Led by Benny Freeman, professor in the McKetta Department of Chemical Engineering and an expert in polymer membranes for liquid, gas and vapor separations, M-WET seeks to address basic science knowledge gaps in development of next-generation, polymer membrane-based water purification technologies. The center will bring together leading experts from UT Austin, UC Santa Barbara and Lawrence Berkeley National Laboratory to apply state-of-the-art materials synthesis, characterization and modeling to this research area.
M-WET's associate directors are Lynn Katz, director of the Cockrell School's Center for Water and the Environment and professor in the Department of Civil, Architectural and Environmental Engineering; and Rachel Segalman, chair of the Department of Chemical Engineering at UC Santa Barbara.

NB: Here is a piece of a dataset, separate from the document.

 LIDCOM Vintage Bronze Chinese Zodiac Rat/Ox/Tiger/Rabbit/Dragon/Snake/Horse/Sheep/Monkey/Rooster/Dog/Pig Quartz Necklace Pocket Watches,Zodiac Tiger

Conventional water treatment systems can produce high-quality water, but treatment of complex waters associated with energy production, water reuse and industrial applications requires more advanced technologies. Synthetic polymer membranes can provide this level of advanced treatment, but basic science challenges frustrate widespread deployment of polymer membranes for water purification in applications important for energy. For example, current membranes lack selectivity for some contaminants, and membrane performance is always reduced by fouling, or clogging, of the membrane surface or pores.
M-WET's team of engineers and scientists will combine their fundamental understanding of water chemistry, polymer science, surface chemistry and materials science with their practical knowledge of water treatment and membrane processes to begin developing next-generation membranes for treatment of complex water sources, such as water produced from hydraulic fracturing.
"The continued shortage of reliable access to clean water in many parts of the world is one of the biggest challenges facing humankind," Freeman said. "According to WaterAid, approximately 850 million people worldwide live without access to clean water, and 60 percent of the world's population lives in water-stressed areas. Closer to home, harnessing valuable resources, such as minerals and water, from the enormous volumes of wastewater associated with oil and gas production in Texas represents a potentially immense untapped opportunity."
M-WET will focus on synthesis of new polymer-based membrane materials, characterization of their properties and discovering the fundamental scientific principles to eventually enable predictive design of such materials via computer simulation.
Conventional treatment technologies have provided water for municipal, industrial and agricultural needs for centuries. However, Katz said, existing water infrastructure and technologies are inadequate for sustainably meeting the increased population growth, industrialization and urbanization expected in the future.
"We must no longer think of water treatment as an endpoint," she said. "Rather, the water we treat and the wastewater we generate must be seen as resources, and the pathway from source -- be it freshwater, saltwater or wastewater -- to product must be viewed in terms of nutrient recovery, mineral recovery and water recovery. Development of technologies to fulfill this vision requires fundamental understanding of the chemistry of water as well as the materials applied to recover these resources."